We are pleased to have a group of researchers from the Basque Center for Applied Mathematics (BCAM) visiting our Department, around their participation in the 7th PhD Workshop of the Department. We look forward to this visit, and we hope it becomes the seed for many fruitful future cooperations. Especifically, the visitors will be José Antonio Lozano, the director of the center and leader of the machine learning research line at BCAM; Santiago Mazuelas, Ramón y Cajal researcher at the macine learning line, and five PhD students: Amaia Abanda Elustondo (machine learning), Iker Beñaran (machine learning), Tamara Dancheva (CFD Computational Technology), Sandeep Kumar (Linear and Non-Linear waves) and Isabella Marinelli (Mathmatical Modelling in Biosciences). They will take part in the activities described below, but if you would like to have additional meetings, feel free to contact them or Aurelio Ruiz to arrange it.

The day before the workshop Santiago Mazuelas will give a seminar (15:30h, room 55.309, webpage for seminars) titled "Data processing under uncertainty and tractability limitations” (see full details below).

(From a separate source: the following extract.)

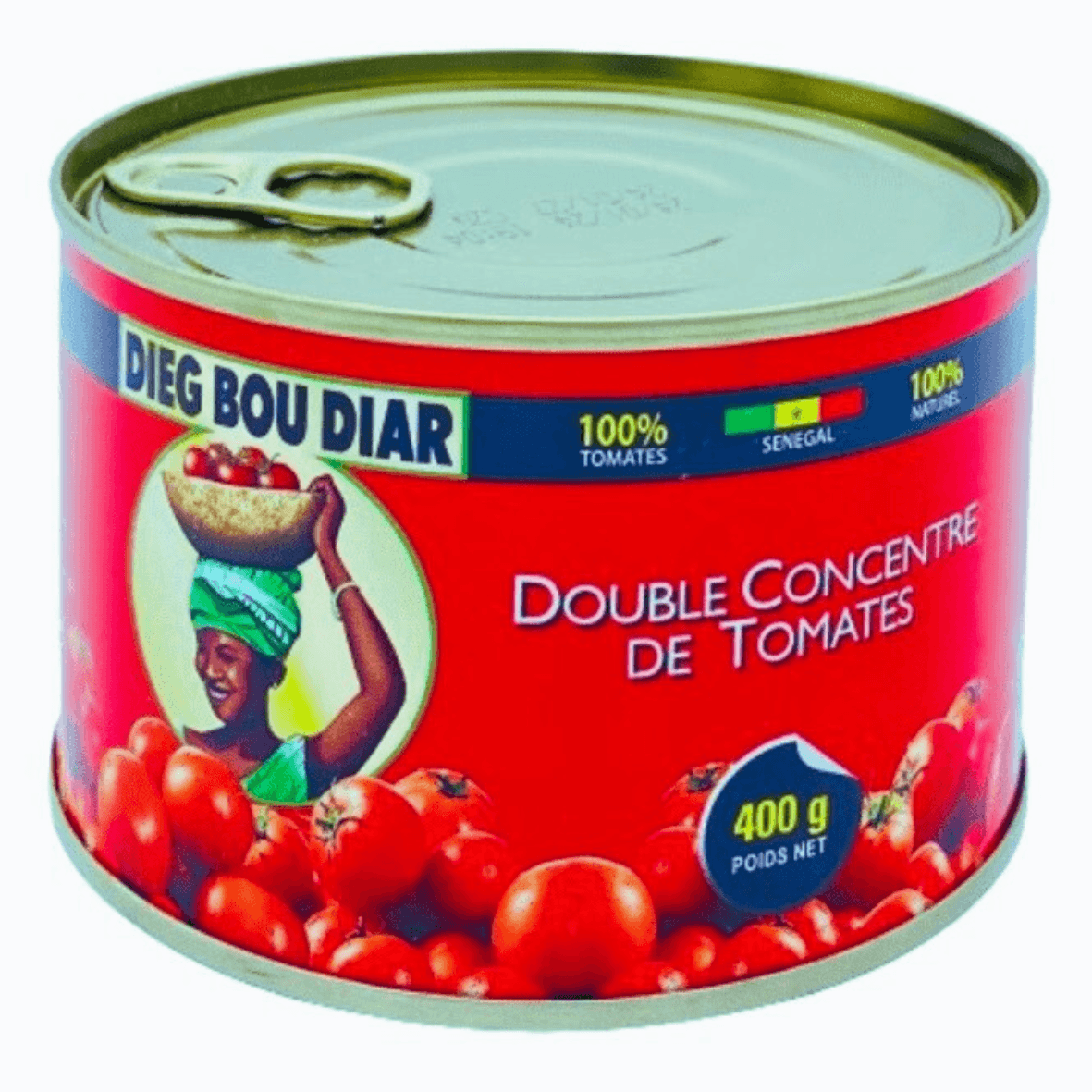 Tomate double concentrée 400gr - Dieg Bou Diar - Qté : 1 - 1 100 CFA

On April 4th, the following 5 PhD students from BCAM will join the PhD Workshop (see abstracts below):

  • Amaia Abanda Elustondo. Discriminatory Features Extraction for Algorithm-Type Selection in Time Series Classification
  • Iker Beñaran. Crowd Learning with Candidate Labeling: an EM-based Solution
  • Tamara Dancheva. Distributed memory algorithms for Finite Element computing in FEniCS with applications in continuum mechanics
  • Sandeep Kumar. On the evolution of Vortex Filament Equation for regular M-polygons with nonzero torsion
  • Isabella Marinelli. On the Integrated Oscillator Model for Pancreatic β-cells: Development, Results, and Applications

In addition, on April 8th DTIC-UPF and BCAM, as leaders of the working group on Open Science in the network of Severo Ochoa and María de Maeztu Centers and Units of Excellence (SOMMA), organise an Open Science Day.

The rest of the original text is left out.